In 2025, Gen Z protests against corruption, inadequate public services, and poor governance in Nepal, Indonesia, and Morocco brought to the forefront the need for governments to listen to their youth and tackle corruption and inequality. But as the difficulties of restoring rights in Bangladesh after years under an authoritarian government illustrates, gains won through public mobilization can easily be lost unless democratic participation and free expression remain unassailable.
People take part in a youth-led protest against corruption and calling for education and healthcare reforms, in Rabat, Morocco, June 4, 2026.
Demonstrators outside Nepal's Parliament during a protest in Kathmandu condemning social media prohibitions and corruption by the government, June 4, 2026.
In this more hostile world, civil society is more critical than ever. It’s also increasingly endangered, particularly in an environment where funding is scarce. In 2025, Human Rights Watch was labeled “undesirable” and banned from operating in Russia. For partners in Egypt, Hong Kong, and India, these tactics are all too familiar. Restrictions on civil society and protest have become more commonplace in Europe, including the UK and France. And now, for the first time, many worry about risks associated with their operational presence in the US, where the Open Society Foundations, a major donor, have already been threatened, and the administration is preparing a list of “domestic terrorists” under overbroad guidance that could be interpreted to include the work of many progressive groups.

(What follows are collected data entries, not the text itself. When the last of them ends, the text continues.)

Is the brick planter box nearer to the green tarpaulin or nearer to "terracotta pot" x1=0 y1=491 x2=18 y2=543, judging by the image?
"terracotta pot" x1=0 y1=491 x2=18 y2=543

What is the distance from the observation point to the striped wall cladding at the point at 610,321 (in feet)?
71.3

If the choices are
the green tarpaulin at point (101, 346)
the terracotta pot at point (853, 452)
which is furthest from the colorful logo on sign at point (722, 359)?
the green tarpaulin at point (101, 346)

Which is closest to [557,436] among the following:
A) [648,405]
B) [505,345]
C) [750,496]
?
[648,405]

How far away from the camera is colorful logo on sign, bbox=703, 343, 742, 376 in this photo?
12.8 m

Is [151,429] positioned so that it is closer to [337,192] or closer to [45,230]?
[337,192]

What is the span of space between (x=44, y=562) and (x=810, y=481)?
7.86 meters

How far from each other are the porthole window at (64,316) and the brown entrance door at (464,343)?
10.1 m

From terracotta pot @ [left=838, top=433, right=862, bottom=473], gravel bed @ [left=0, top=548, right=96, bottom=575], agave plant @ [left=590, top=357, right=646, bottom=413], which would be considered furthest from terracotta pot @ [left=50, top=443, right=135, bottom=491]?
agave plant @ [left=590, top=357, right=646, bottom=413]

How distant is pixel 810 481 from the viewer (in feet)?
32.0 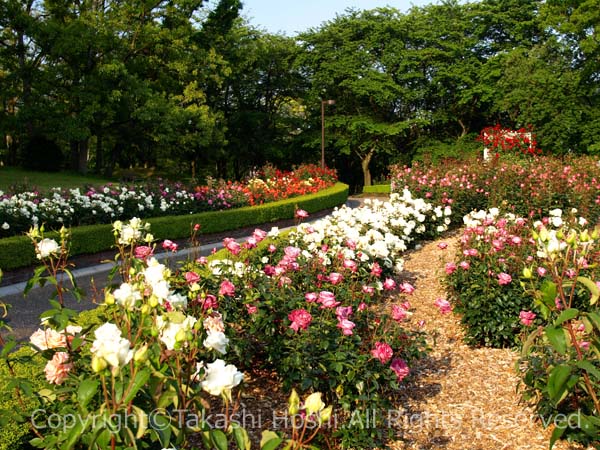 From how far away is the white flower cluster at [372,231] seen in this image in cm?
535

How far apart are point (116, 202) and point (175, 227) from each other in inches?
47.1

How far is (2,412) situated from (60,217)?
7576mm

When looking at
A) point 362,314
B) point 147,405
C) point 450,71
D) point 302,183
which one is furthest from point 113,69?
point 147,405

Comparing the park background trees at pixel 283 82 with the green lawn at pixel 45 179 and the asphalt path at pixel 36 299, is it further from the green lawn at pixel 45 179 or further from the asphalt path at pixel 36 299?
the asphalt path at pixel 36 299

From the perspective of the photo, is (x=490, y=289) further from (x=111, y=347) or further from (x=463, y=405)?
(x=111, y=347)

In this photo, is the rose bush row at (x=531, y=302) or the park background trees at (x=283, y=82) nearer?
the rose bush row at (x=531, y=302)

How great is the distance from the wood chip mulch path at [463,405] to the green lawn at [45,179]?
15.2 metres

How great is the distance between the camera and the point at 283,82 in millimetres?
27953

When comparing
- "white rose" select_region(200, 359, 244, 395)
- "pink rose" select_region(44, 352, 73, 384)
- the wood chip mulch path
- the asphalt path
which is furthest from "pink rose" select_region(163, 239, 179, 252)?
"white rose" select_region(200, 359, 244, 395)

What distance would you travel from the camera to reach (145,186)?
11305 mm

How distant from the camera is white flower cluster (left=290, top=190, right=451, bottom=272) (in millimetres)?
5352

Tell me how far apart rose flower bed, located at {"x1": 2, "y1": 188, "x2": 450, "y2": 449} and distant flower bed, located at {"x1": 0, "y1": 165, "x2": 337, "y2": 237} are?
194 inches

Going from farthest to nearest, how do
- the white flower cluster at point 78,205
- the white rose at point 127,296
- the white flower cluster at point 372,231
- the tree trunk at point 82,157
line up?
1. the tree trunk at point 82,157
2. the white flower cluster at point 78,205
3. the white flower cluster at point 372,231
4. the white rose at point 127,296

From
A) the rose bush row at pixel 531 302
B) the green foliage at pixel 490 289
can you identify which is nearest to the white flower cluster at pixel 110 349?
the rose bush row at pixel 531 302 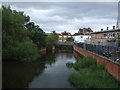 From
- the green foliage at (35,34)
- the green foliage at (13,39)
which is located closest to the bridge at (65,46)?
the green foliage at (35,34)

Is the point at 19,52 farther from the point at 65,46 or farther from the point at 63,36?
the point at 63,36

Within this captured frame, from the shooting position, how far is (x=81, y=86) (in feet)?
42.5

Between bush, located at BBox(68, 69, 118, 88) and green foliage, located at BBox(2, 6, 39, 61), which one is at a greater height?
green foliage, located at BBox(2, 6, 39, 61)

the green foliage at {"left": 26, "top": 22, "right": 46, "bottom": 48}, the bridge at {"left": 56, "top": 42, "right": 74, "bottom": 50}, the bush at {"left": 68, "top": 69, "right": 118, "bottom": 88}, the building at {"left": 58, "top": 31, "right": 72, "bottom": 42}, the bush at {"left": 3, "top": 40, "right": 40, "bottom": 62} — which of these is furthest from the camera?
the building at {"left": 58, "top": 31, "right": 72, "bottom": 42}

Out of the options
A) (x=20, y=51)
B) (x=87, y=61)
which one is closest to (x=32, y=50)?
(x=20, y=51)

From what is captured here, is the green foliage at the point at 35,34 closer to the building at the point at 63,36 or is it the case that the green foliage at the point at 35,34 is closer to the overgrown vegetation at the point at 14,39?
the overgrown vegetation at the point at 14,39

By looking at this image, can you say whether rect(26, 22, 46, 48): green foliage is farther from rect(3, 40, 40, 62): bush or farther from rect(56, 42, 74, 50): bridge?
rect(56, 42, 74, 50): bridge

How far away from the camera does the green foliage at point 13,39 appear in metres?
26.2

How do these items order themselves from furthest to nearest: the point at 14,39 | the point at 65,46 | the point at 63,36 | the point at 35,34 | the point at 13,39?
the point at 63,36, the point at 65,46, the point at 35,34, the point at 14,39, the point at 13,39

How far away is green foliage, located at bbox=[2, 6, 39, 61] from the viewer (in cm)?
2620

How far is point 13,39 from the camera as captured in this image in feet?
94.3

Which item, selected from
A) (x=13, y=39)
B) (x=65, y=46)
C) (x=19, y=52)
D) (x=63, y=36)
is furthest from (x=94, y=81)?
(x=63, y=36)

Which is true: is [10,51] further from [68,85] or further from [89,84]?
[89,84]

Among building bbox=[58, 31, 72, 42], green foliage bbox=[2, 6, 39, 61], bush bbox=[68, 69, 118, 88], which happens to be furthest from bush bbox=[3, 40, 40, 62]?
building bbox=[58, 31, 72, 42]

Breaking the authoritarian wave and standing up for human rights is a generational challenge. In 2026, it will play out most acutely in the US, with far-reaching consequences for the rest of the world. Fighting back will require a determined, strategic, and coordinated reaction from voters, civil society, multilateral institutions, and rights-respecting governments around the globe.
아이 낳을 때 난산인 여주들 좋아함 로맨스 소설 마이너., Human Rights Watch’s 36th annual review of human rights practices and trends around the globe, reviews developments in more than 100 countries.